Take from the entries below the stretch from the line with "a bedroom with" through the line with "Lion-man sculpture with", and return it exactly, leaving the pictures out.

> **Short web captions**
··········

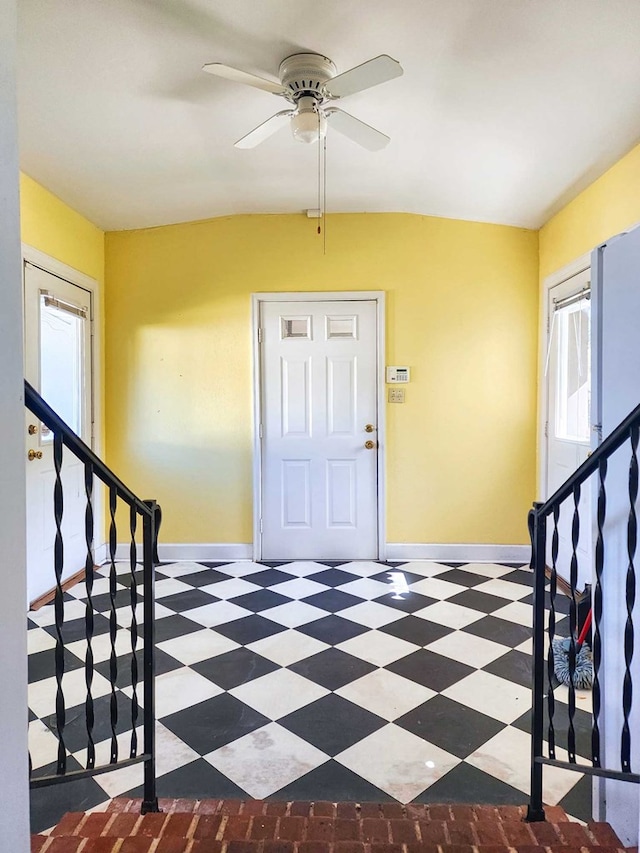 entrance foyer with ceiling fan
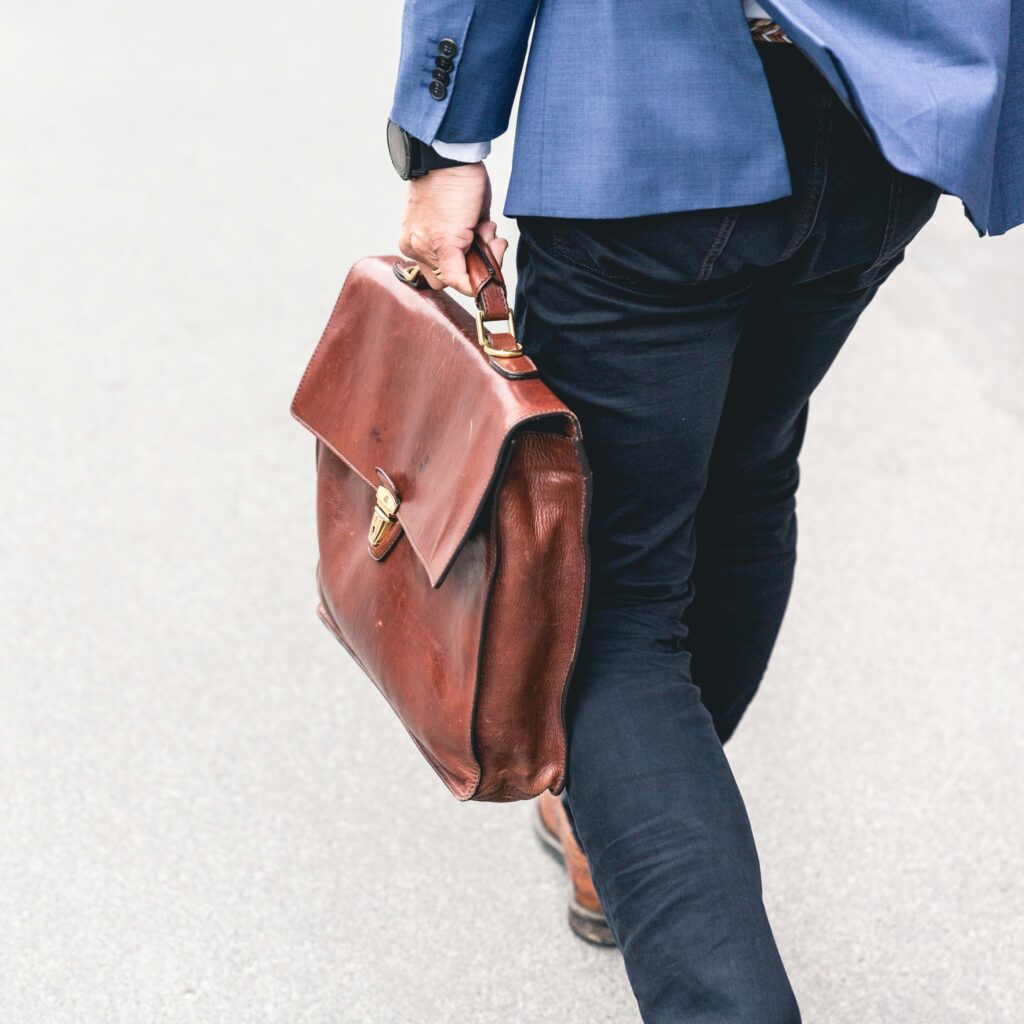 Man walking with leather briefcase in hand, seen from the back, close up
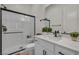 Bathroom featuring modern finishes, white cabinets and shower, and elegant fixtures at 5851 Slate Rock Ct, Las Vegas, NV 89149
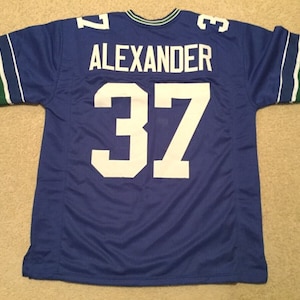 May include: A blue football jersey with white lettering. The name "ALEXANDER" and the number "37" are on the back of the jersey. The jersey has green and white stripes on the sleeves.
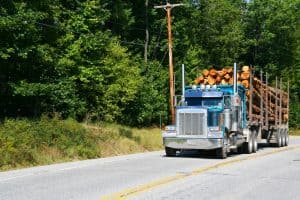 Logging Truck and Strawberry Truck Collide in Marshall County 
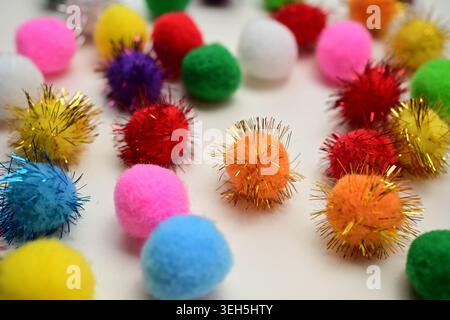 Colorful interlocking hook construction balls scattered on a white surface, creative children's educational building toy pieces in a bright layout. Stock Photo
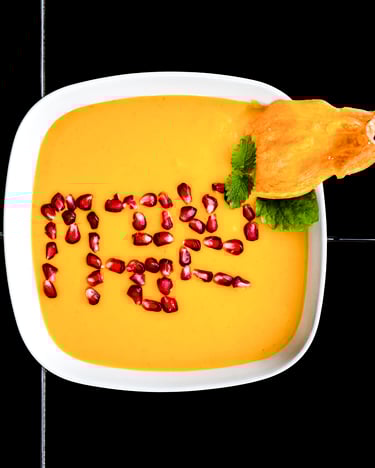 Kuerbissuppe Mit Granatapfelkernen in einer weißen Schale auf schwarzen Fliesen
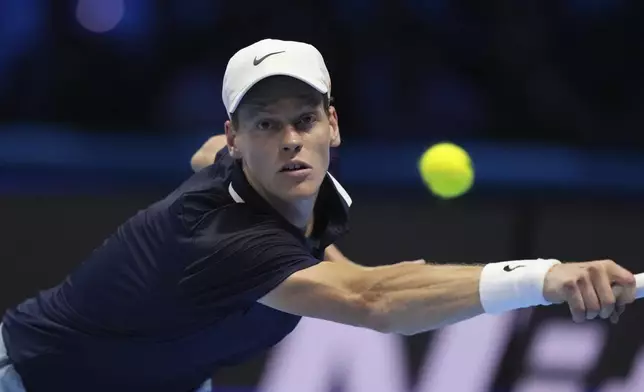 Italy's Jannik Sinner returns the ball to United States' Taylor Fritz during their singles tennis match of the ATP World Tour Finals at the Inalpi Arena, in Turin, Italy, Tuesday, Nov. 12, 2024. (AP Photo/Antonio Calanni)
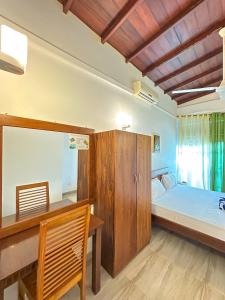 a bedroom with a bed and a wooden cabinet and a desk at Dew Ceylon Villa Negombo in Negombo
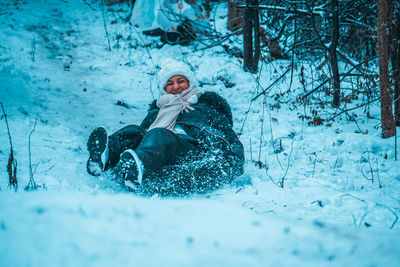 Cheerful woman sledding on snowy hill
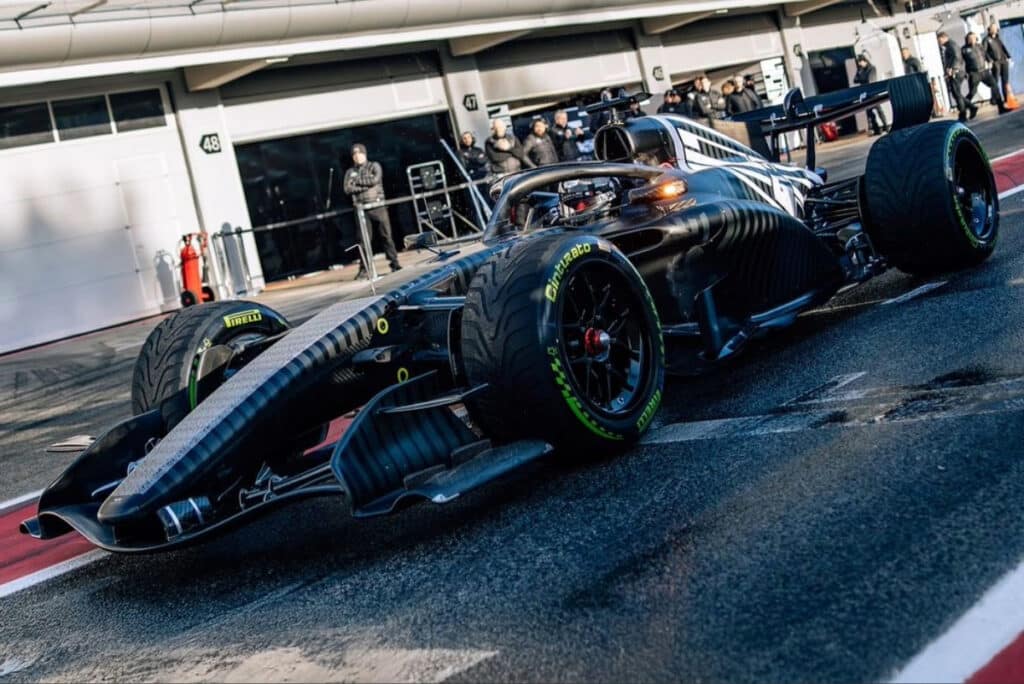 Valtteri Bottas driving the Cadillac F1 car featuring its monochrome geometric shakedown livery at Barcelona.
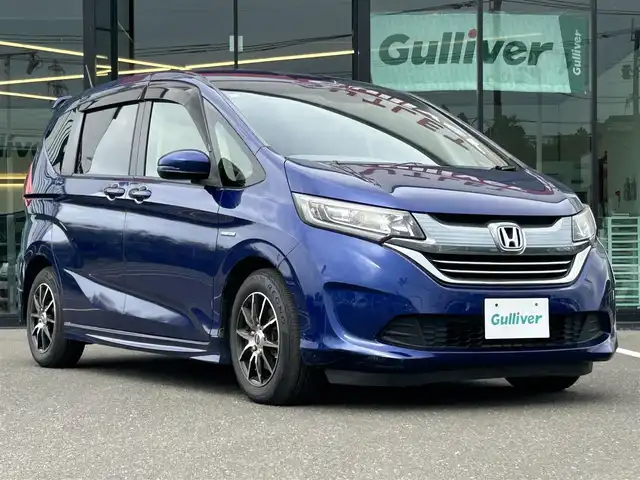 ホンダ フリード ハイブリット G 鹿児島県 2016(平28)年 7.9万km コバルトブルーパール サイドリフトアップシート車/社外ＳＤナビ/　　CD/DVD/BT/フルセグ/バックカメラ/両側パワースライドドア/クルーズコントロール/LEDヘッドライト/社外15インチアルミホイール/スマートキー/純正ビルトインETC/ステアリングスイッチ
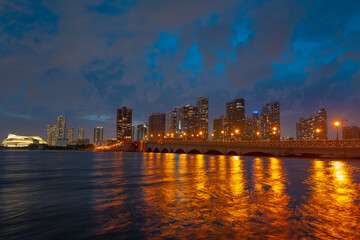 Fototapeta na wymiar City of Miami Florida, sunset panorama with business and residential buildings and bridge on Biscayne Bay. Skyline night view.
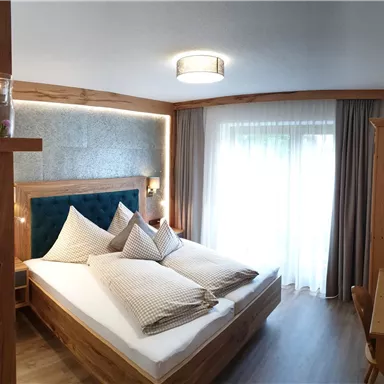 Ein gemütliches Schlafzimmer mit einem großen Bett und hellen Vorhängen. Der Raum hat Holzdetails und einen Schreibtisch.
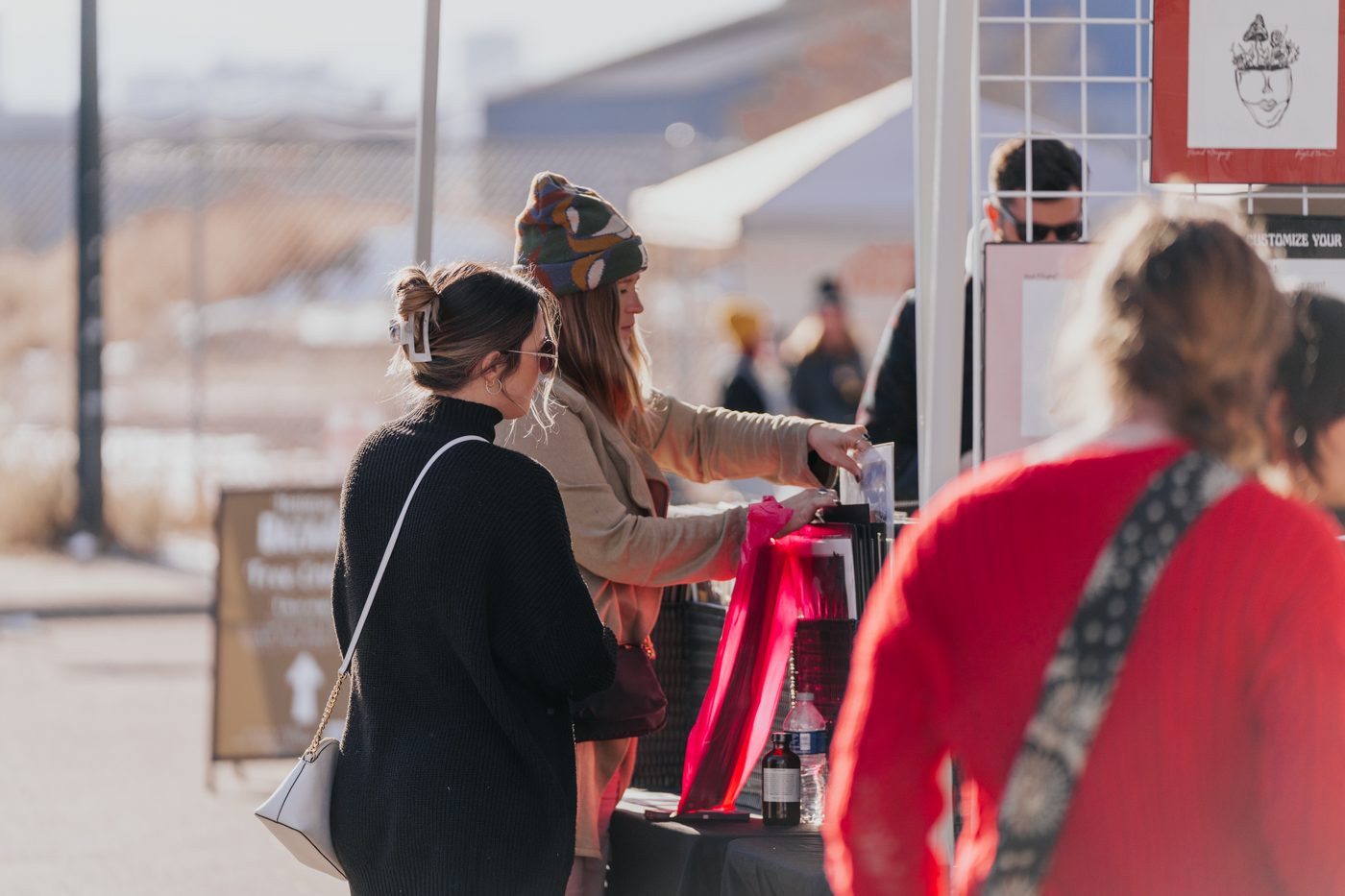 Shoppers browsing a maker booth strung with holiday lights at Holiday BAZAAR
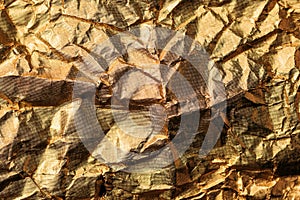 Crumpled gold colored aluminum tin foil texture as background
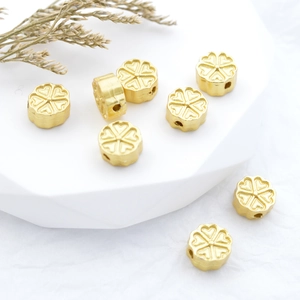 Golden flower and clover DIY jewelry beads with embossed texture on white stands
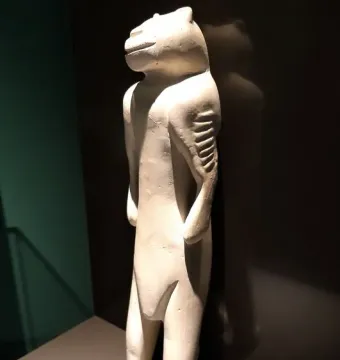 Lion-man sculpture with an animal-like head and slender human-shaped body, shown against a dark background.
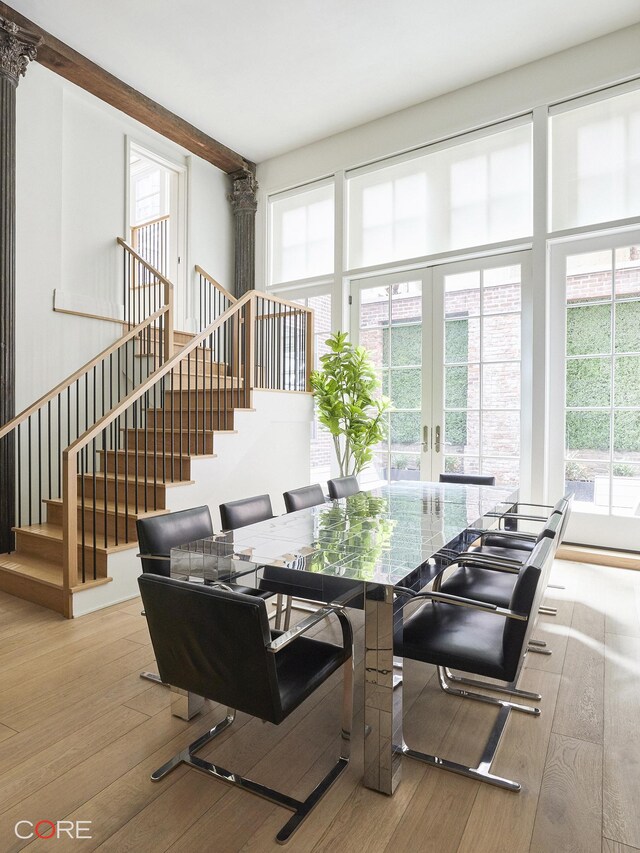 87 Leonard St Unit Mais1B, New York City, NY 10013 - dining area with french doors, stairway, and hardwood / wood-style flooring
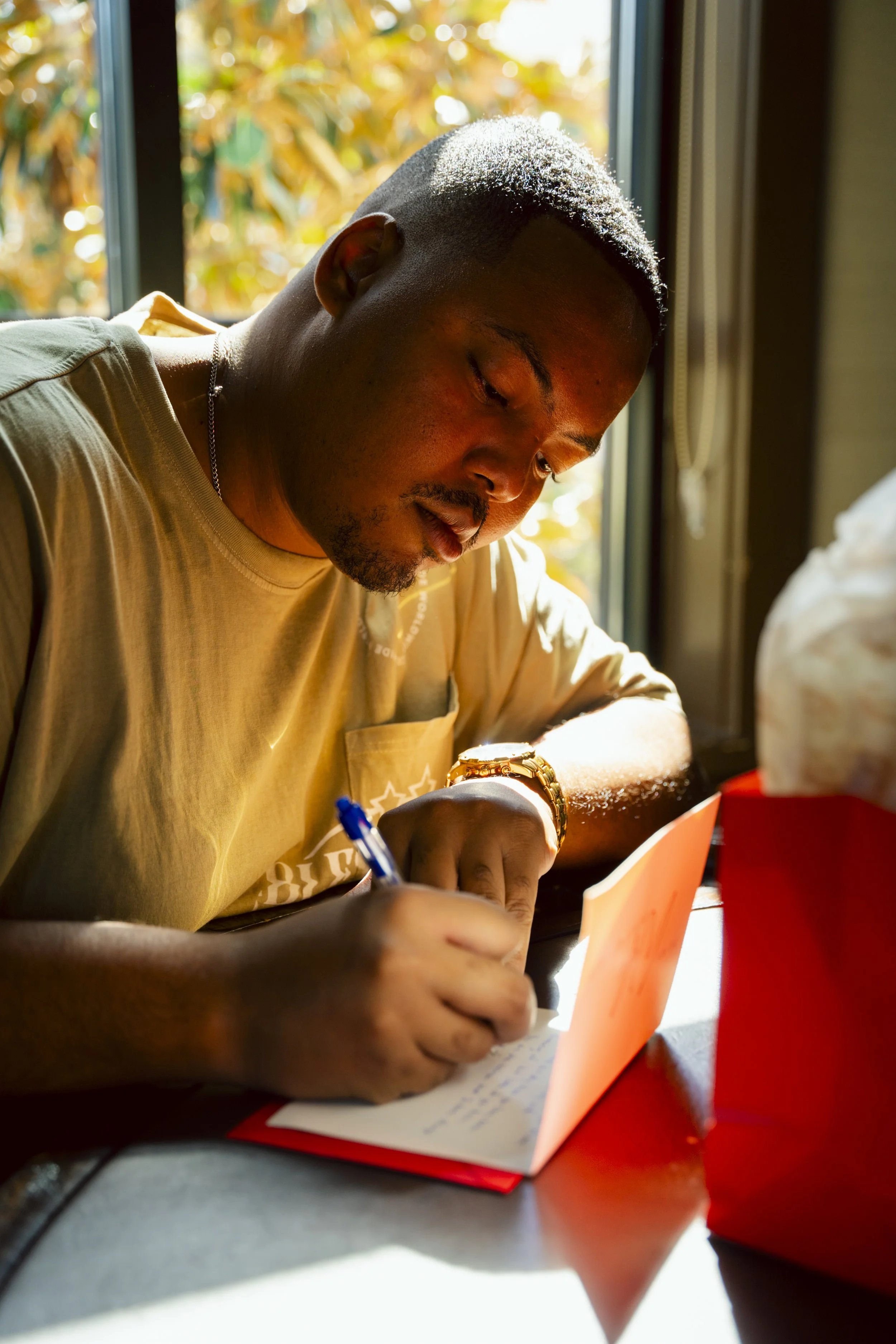 A man with short hair and a watch is writing in a notebook, sitting by a window with sunlight and autumn leaves outside.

··········

> **REPLY**
 a bedroom with a bed and a wooden cabinet and a desk at Dew Ceylon Villa Negombo in Negombo
 Cheerful woman sledding on snowy hill
 Valtteri Bottas driving the Cadillac F1 car featuring its monochrome geometric shakedown livery at Barcelona.
 ホンダ フリード ハイブリット G 鹿児島県 2016(平28)年 7.9万km コバルトブルーパール サイドリフトアップシート車/社外ＳＤナビ/　　CD/DVD/BT/フルセグ/バックカメラ/両側パワースライドドア/クルーズコントロール/LEDヘッドライト/社外15インチアルミホイール/スマートキー/純正ビルトインETC/ステアリングスイッチ
 Fototapeta na wymiar City of Miami Florida, sunset panorama with business and residential buildings and bridge on Biscayne Bay. Skyline night view.
 Ein gemütliches Schlafzimmer mit einem großen Bett und hellen Vorhängen. Der Raum hat Holzdetails und einen Schreibtisch.
 Shoppers browsing a maker booth strung with holiday lights at Holiday BAZAAR
 Crumpled gold colored aluminum tin foil texture as background
 Golden flower and clover DIY jewelry beads with embossed texture on white stands
 Lion-man sculpture with an animal-like head and slender human-shaped body, shown against a dark background.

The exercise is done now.